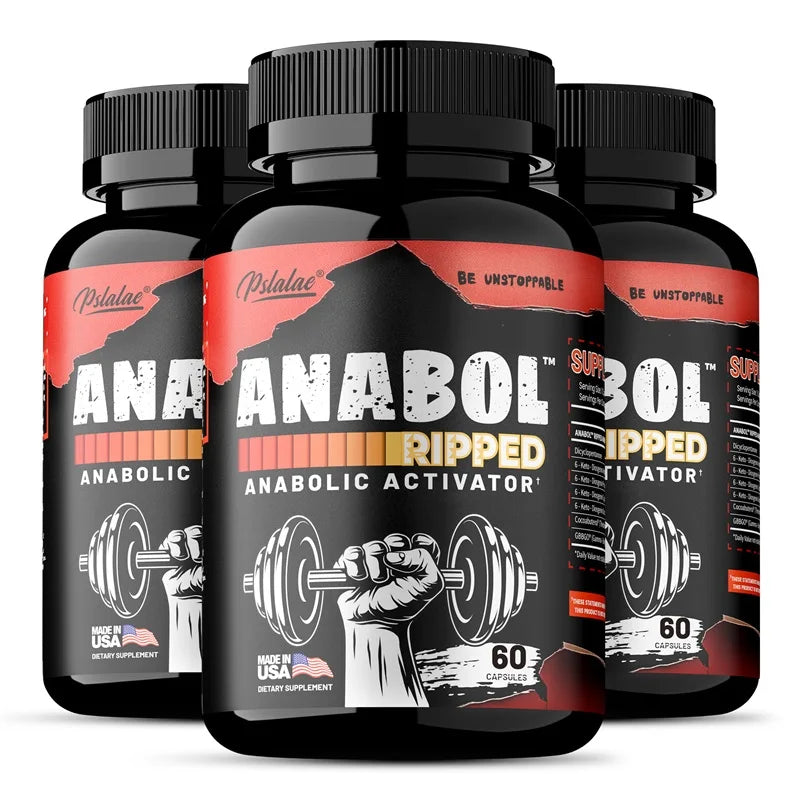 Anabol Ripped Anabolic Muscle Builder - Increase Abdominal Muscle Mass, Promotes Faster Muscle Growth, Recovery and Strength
--
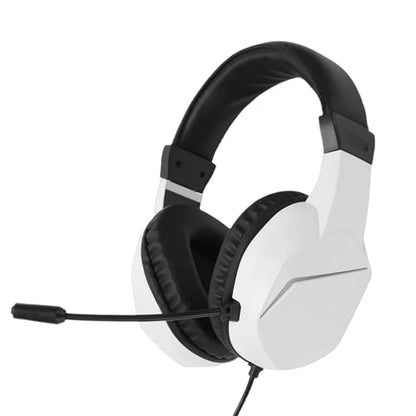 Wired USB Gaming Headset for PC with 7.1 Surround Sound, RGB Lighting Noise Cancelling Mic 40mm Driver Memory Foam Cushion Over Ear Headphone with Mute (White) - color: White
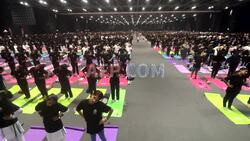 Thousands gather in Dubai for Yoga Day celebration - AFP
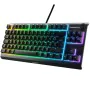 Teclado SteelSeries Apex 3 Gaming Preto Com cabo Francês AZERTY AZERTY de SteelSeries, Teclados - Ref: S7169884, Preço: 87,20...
--
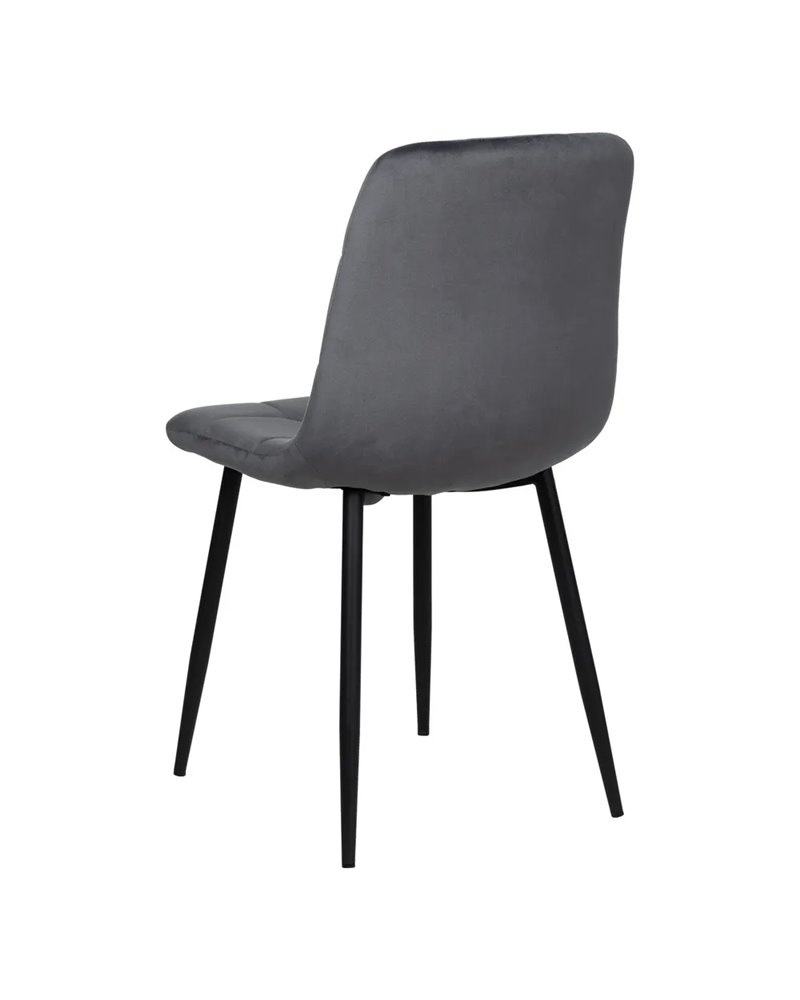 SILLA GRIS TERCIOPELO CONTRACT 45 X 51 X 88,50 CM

* **YOUR INSTRUCTIONS**:
Would you restate, exactly and with no pictures, the lines of the entries above from the one containing "Thousands gather in" through the one containing "Teclado SteelSeries Apex"?

* **REPLY**:
 Thousands gather in Dubai for Yoga Day celebration - AFP
 Teclado SteelSeries Apex 3 Gaming Preto Com cabo Francês AZERTY AZERTY de SteelSeries, Teclados - Ref: S7169884, Preço: 87,20...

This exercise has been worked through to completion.